= Beginning of Section =

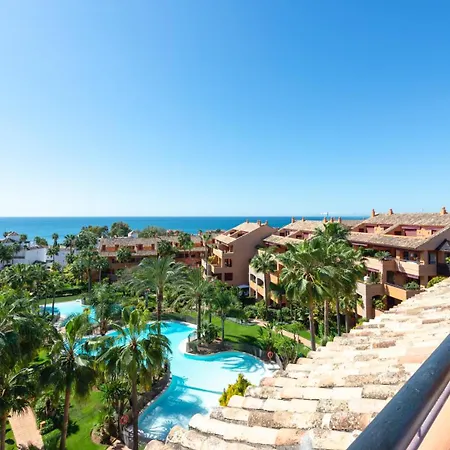 Stylish 4 Bedroom Penthouse Just Steps From Bahia Marbella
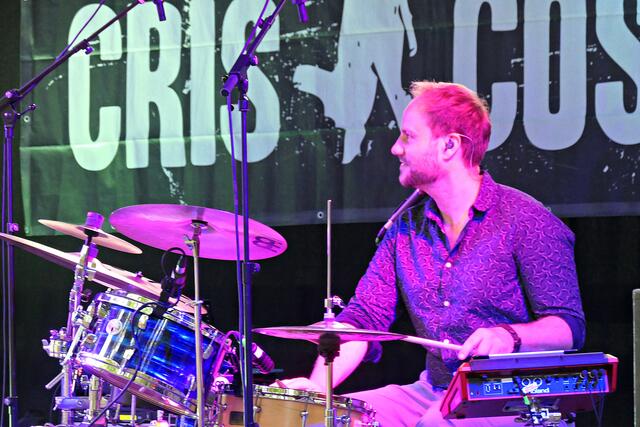 Tobias Nessel am Schlagzeug | Foto: Brigitte Melder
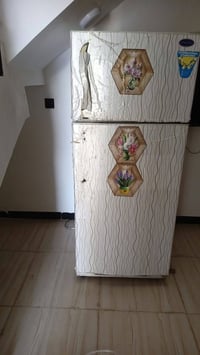 ثلاجة • للبيع • مستعجل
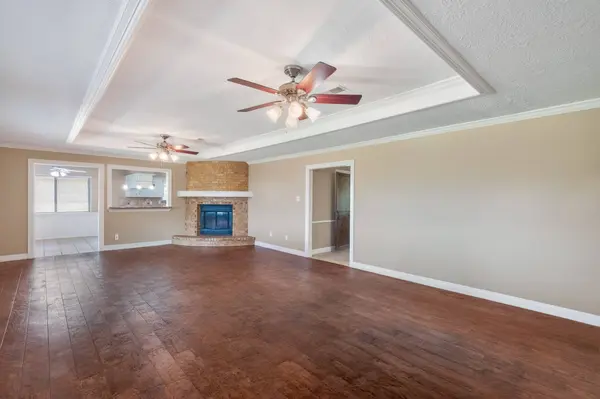 10070 Woodcreek CIR, Willis, TX 77318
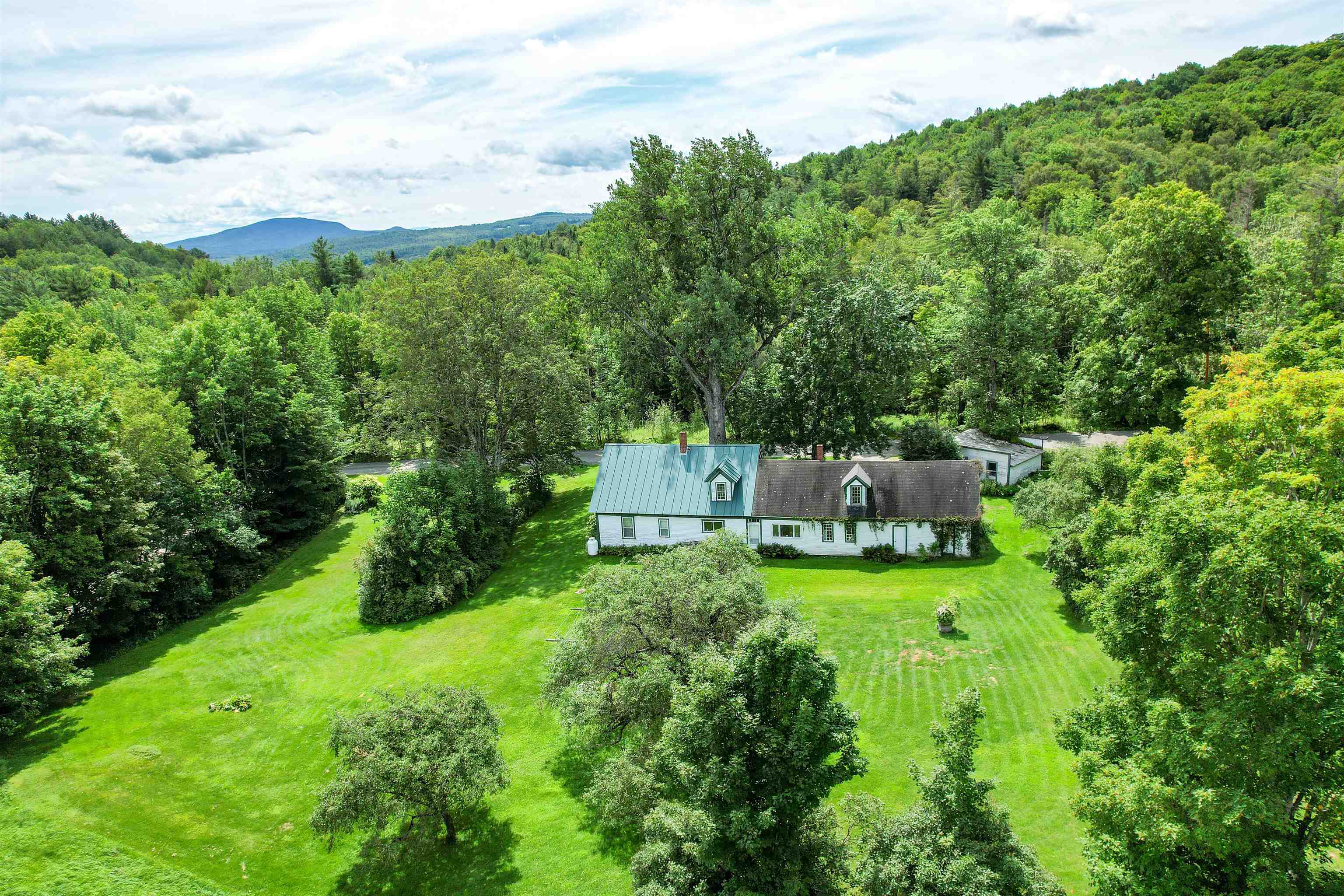 842 Macks Mountain Road Peacham, VT 05873 - Photo 33 of 34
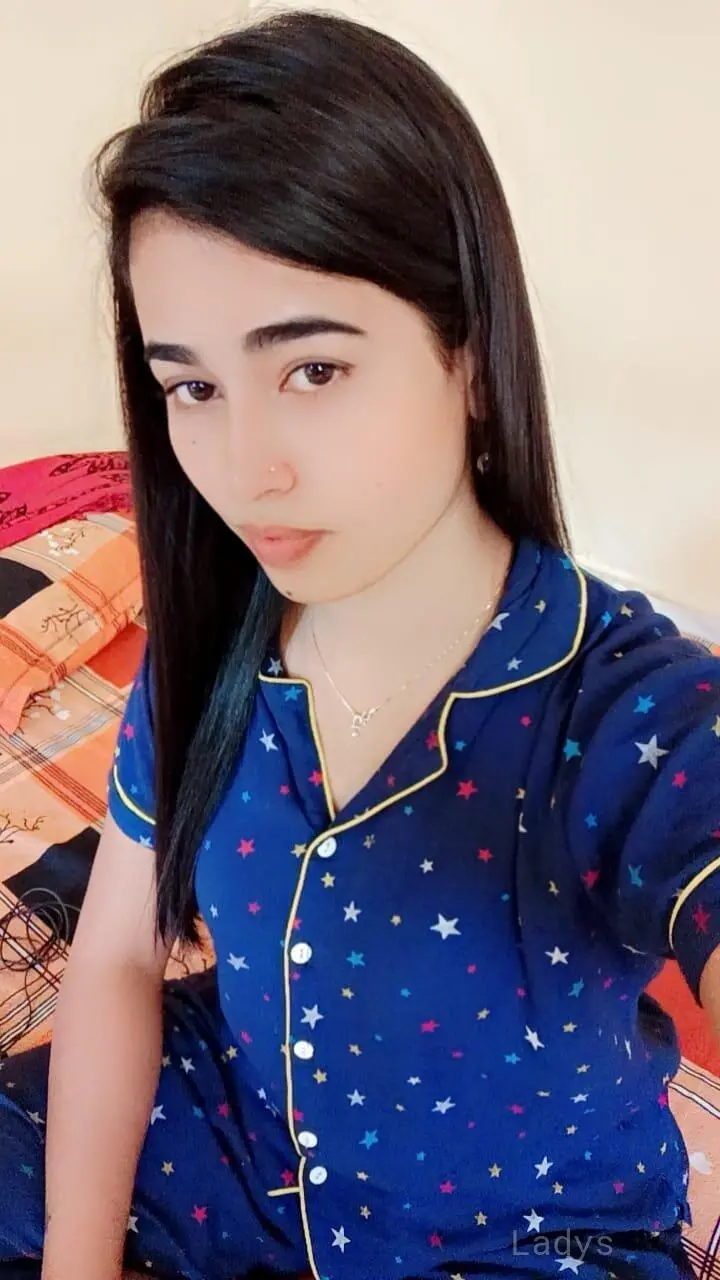Roy, 23 years beautiful nude Thane escorts girl, height 154 sm, Weight  kg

= End of Section =

Prompt
Please restate exactly the lines from the one containing "Tobias Nessel am" down to the end of the material, both ends kept, and do not include the pictures.

Solution below
 Tobias Nessel am Schlagzeug | Foto: Brigitte Melder
 ثلاجة • للبيع • مستعجل
 10070 Woodcreek CIR, Willis, TX 77318
 842 Macks Mountain Road Peacham, VT 05873 - Photo 33 of 34
Roy, 23 years beautiful nude Thane escorts girl, height 154 sm, Weight  kg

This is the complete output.